Honestly AAA studios don’t even exist anymore. Is there any gaming studio making multipe $60 games per year you can name where you would vouch for the quality of their games solely on the basis of who made it?

Maybe some first party console games(and even then only some series), but nothing for PC.

MentalEdge ,
@MentalEdge@sopuli.xyz avatar

I’d be very worried if a studio was pumping out several full-scale games a year. Did you mean publisher? I find following publishers to be pretty hit or miss, they usually deal with a multitude of game studios whose output will vary wildly. The days of EA making a bunch of EA games is over, now people care whether it’s Dice, Respawn or BioWare, and what the specific game is like.

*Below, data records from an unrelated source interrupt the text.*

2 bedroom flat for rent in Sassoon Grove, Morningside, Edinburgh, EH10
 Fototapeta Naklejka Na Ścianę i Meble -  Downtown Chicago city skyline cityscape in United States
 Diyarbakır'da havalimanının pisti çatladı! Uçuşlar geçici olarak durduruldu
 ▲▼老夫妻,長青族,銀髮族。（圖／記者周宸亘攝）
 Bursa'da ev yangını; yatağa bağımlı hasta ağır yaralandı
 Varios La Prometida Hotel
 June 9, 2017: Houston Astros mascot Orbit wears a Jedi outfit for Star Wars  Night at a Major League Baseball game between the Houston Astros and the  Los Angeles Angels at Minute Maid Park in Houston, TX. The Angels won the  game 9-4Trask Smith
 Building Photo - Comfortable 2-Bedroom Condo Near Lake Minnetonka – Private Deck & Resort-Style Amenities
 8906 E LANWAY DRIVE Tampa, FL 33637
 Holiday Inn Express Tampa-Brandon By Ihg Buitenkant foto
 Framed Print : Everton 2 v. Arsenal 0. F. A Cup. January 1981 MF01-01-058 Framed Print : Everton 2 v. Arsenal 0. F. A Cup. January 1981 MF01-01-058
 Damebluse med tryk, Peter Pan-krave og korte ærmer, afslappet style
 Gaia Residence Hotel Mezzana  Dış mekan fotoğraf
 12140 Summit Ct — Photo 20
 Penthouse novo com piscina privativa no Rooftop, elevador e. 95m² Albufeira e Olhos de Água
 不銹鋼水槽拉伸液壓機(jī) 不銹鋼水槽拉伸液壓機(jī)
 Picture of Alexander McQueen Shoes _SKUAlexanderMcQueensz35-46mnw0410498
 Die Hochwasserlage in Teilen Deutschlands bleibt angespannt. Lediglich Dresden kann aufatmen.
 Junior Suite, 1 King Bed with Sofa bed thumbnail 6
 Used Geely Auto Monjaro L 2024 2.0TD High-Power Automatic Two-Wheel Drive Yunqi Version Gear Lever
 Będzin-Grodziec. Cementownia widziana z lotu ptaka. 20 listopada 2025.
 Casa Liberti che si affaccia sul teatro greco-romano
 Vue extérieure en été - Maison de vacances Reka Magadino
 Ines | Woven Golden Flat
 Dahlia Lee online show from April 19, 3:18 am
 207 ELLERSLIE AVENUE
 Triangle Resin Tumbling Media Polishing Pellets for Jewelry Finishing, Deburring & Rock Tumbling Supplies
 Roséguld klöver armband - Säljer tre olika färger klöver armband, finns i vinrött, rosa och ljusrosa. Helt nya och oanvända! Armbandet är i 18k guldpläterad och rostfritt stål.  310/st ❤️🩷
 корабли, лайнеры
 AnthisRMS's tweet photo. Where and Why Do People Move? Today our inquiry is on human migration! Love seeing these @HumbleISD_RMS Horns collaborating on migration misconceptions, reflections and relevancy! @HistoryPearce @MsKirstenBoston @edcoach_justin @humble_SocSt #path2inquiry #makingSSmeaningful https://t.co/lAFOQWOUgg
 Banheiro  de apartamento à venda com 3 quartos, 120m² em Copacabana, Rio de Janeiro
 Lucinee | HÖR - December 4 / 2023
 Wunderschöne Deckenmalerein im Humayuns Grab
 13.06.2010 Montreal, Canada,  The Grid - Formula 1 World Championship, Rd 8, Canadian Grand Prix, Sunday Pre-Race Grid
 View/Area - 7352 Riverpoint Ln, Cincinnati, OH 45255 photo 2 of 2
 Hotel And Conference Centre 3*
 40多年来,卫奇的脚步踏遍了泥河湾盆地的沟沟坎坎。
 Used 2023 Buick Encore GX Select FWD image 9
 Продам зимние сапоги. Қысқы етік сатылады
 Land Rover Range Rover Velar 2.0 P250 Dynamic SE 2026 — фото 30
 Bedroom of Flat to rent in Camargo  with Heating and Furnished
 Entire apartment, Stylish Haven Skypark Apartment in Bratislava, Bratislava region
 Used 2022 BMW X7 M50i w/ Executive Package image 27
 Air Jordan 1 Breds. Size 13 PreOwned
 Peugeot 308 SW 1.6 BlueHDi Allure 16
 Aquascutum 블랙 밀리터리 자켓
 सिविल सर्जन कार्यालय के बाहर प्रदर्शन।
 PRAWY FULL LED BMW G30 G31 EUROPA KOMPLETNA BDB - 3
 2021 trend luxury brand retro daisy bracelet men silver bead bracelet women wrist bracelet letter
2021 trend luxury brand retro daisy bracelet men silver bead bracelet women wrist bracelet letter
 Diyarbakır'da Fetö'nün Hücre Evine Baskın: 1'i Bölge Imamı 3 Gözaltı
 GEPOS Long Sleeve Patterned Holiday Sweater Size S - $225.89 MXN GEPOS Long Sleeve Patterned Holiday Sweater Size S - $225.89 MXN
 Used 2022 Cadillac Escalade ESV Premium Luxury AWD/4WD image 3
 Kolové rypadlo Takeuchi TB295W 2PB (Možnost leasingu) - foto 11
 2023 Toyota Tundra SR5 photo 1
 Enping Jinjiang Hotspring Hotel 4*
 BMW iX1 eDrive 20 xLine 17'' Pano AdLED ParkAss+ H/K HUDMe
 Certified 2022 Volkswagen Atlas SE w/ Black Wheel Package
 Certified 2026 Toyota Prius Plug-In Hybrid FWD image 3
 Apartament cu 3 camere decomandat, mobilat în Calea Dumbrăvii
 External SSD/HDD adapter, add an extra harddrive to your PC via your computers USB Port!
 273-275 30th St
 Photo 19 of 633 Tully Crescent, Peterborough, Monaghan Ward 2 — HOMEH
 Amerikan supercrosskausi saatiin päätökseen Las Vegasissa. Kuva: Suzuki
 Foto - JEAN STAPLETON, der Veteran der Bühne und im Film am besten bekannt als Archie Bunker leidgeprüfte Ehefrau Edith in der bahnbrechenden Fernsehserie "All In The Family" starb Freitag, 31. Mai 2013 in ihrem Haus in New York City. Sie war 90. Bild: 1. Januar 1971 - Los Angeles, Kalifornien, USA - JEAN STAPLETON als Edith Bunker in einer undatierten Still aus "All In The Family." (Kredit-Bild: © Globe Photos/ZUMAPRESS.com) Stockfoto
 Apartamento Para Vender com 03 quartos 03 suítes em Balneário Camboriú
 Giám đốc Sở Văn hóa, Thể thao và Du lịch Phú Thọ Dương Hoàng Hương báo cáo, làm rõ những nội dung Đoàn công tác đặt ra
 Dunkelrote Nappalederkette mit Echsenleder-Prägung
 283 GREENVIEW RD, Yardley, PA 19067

Studios still just making games do exist. Kojima Productions, Santa Monica, Guerilla, Remedy, Fromsoft, Square Enix, Larian, Id Tech, Insomniac, Sucker Punch, CDPR…

They’re just relatively fewer and farther between as so many studios have pivoted to spending years and years working on one live service title or another, and the rest of these you only really hear from once in several years, when a game comes out.

For publishers, Devolver and Paradox come to mind.

bouh ,

Sometimes I wonder if these people understand that no player ever wanted exclusivities on a game store. Instead of providing a decent service, they’re litteraly trying to kidnap customers with a choice between waiting for months for this big release or taking it on a subpar platform.